Saturday, February 02, 2013

Barnes & Noble: Controlled landing or slow-motion liquidation?

Barnes & Noble just ended a bad week: First, It announced that it plans to close as many as 200 of its superstores over the next ten years. Then, a few days later, IDC released its global tablet shipments report for Q4 2012, which found that while the worldwide tablet market increased 75% in Q4 2012 year-over-year, shipments of  Barnes & Noble's Nook tablets actually fell 27.7%, from 1.4 million units in Q4 2011 to one million in Q4 2012. Those numbers added to the gloom from the company's quarterly financial report issued in early January, which stated that B&N's sales from bookstores and its eCommerce site in the holiday quarter fell 10.9% year-over-year, while its same-store sales for stores open at least 15 months fell 3.1%. Revenue at Barnes & Noble's Nook Media unit, which includes Nook devices, eBooks and college bookstores, fell 12.6% year-over-year.

The question to some observers isn't what the company will look like once it closes a third of its stores over ten years--it's whether B&N will even be in business ten years from now. The signs aren't good. As an example, take same-store sales, one of the most important financial indicators for retailers, because it only looks at sales growth in stores open a year or more, not new stores. In Barnes & Noble's case, the same-store number for the holiday quarter was -3.1%. However, that -3.1% is an average. Some stores probably had year-over-year increases, but no one outside Barnes & Noble really knows for sure, and that's a critical factor in whether or not the company's plan to close a third of its stores will work. If B&N has a relatively small number of poor-performing stores, the company can close them as quickly as possible and concentrate on the successful stores. However, if sales are falling across most of B&N's locations, a 33% reduction plan won't be nearly enough to stop the bleeding.

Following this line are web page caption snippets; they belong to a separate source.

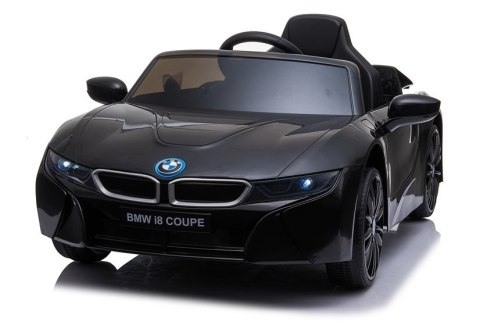 Auto na Akumulator BMW JE1001 Czarny Auto na Akumulator BMW JE1001 Czarny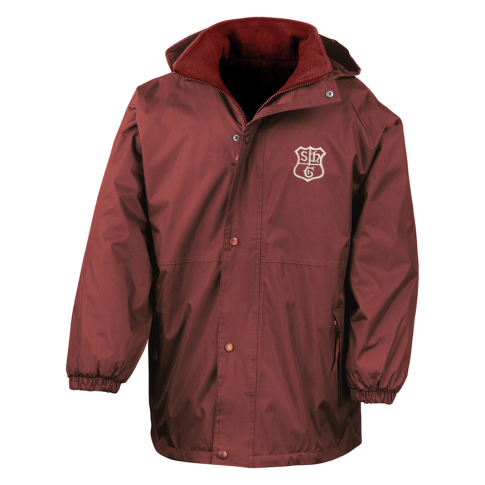Sacred Heart Teddington Reversible Coat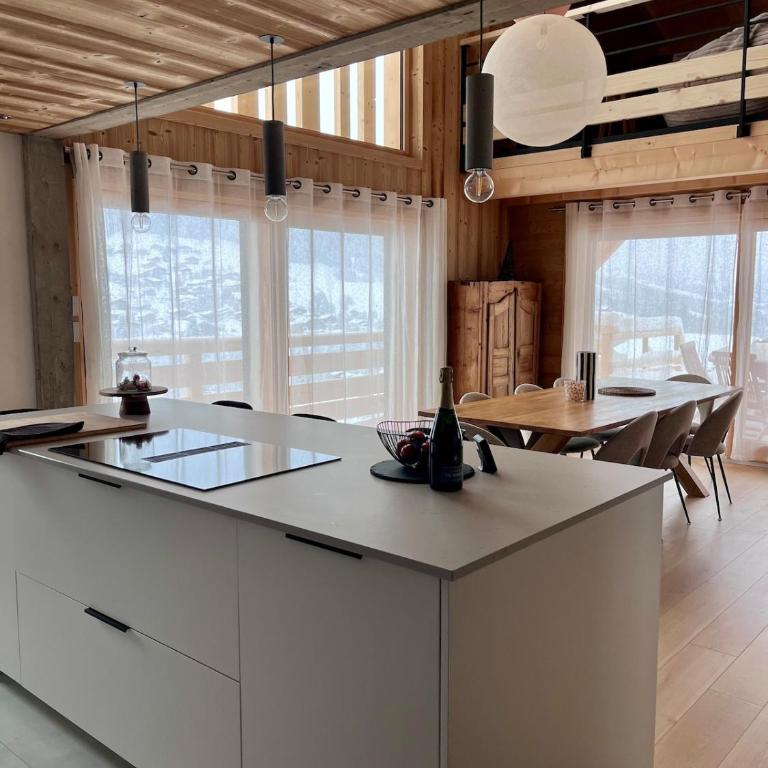 Charming new chalet in Praz-sur-Arly - Chalet - 6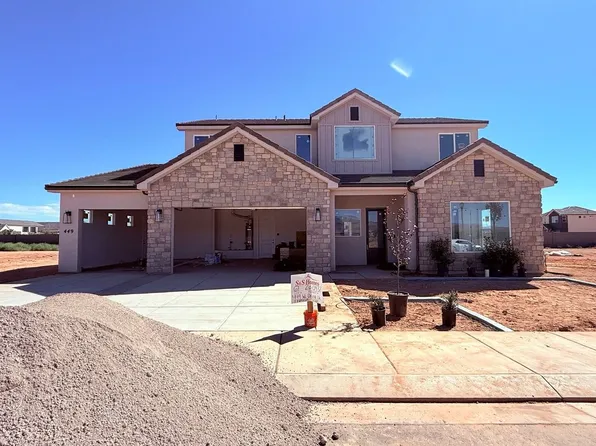 449 Orilla Dr, Washington, UT 84780
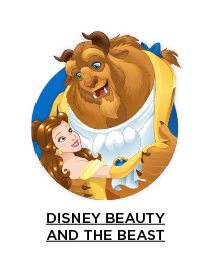 shop disney beauty and the beast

Another example is B&N's failed merchandising strategy. Nothing that the company has tried has done anything to improve its stores' performance. It cut back on its music and video departments and used that space to create dedicated display space for its Nook tablets and eReaders, which are usually prominently featured at the front of its stores. However, its Nook business is actually falling faster than its retail business in general, and it's adding to same-store sales declines. It replaced some of its book display space with an increasingly large assortment of toys and games, but that isn't improving same-store sales, either.

Barnes & Noble's situation is looking uncomfortably like that of Borders and Circuit City, both big-box retailers that closed stores and experimented with a variety of merchandising changes, only to find themselves bankrupt and in liquidation. That's where the "controlled landing" vs. "slow-motion liquidation" question comes in. If B&N starts closing stores, and that results in sustainable year-over-year same-store sales gains, the company's plan to slowly weed out poorly performing locations is likely to work. However, if the same-store declines continue, even with fewer stores, B&N will have to dramatically increase its pace of store closings or come up with even more radical merchandising changes that actually work. As much as I want to see Barnes & Noble's retail stores survive, especially now that Borders is gone, my gut tells me that the company is going down the slow-motion liquidation path.